Plea hearing scheduled for ‘QAnon Shaman’ facing Jan. 6 riot charges
WASHINGTON (Reuters) — The federal judge hearing the case of the Jan. 6 U.S. Capitol riot defendant known as the “QAnon Shaman” has scheduled a plea hearing for Friday, according to a court filing and the defendant’s lawyer.
In a news release, Albert Watkins, lawyer for the “Shaman,” confirmed that a hearing had been set for Friday morning “for the horn donning, fur wearing, tattoo chested, Jacob Chansley,” which is the defendant’s real name.
Court records show that Chansley faces six charges, including civil disorder and obstructing an official proceeding. As of Thursday, records do not indicate which specific charge or charges to which Chansley intends to plead guilty.
He had been a supporter of the QAnon conspiracy theory that casts Trump as a savior figure and elite Democrats as a cabal of Satanist pedophiles and cannibals.

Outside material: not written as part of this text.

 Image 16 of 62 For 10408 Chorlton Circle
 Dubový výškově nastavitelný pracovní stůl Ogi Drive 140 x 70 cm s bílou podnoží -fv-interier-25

In his news release, Watkins asserted that Chansley, whom he previously acknowledged had been found by prison officials to be suffering from mental disorders, now “has repudiated the ‘Q’ previously assigned to him and requests future references to him be devoid of use of the letter ‘Q’.”
Watkins said that in the months since the riot Chansley, who has been held in pretrial detention, had charted a difficult path involving “pain, depression, solitary confinement, introspection, recognition of mental health vulnerabilities, and a coming to grips with the need for more self-work.”
Chansley is one of the most recognizable of the hundreds of Donald Trump supporters who stormed the Capitol on Jan. 6 after the then-president in a fiery speech falsely claimed that his November election defeat was the result of fraud.
Chansley, of Arizona, was photographed inside the Capitol wearing a horned headdress, shirtless and heavily tattooed.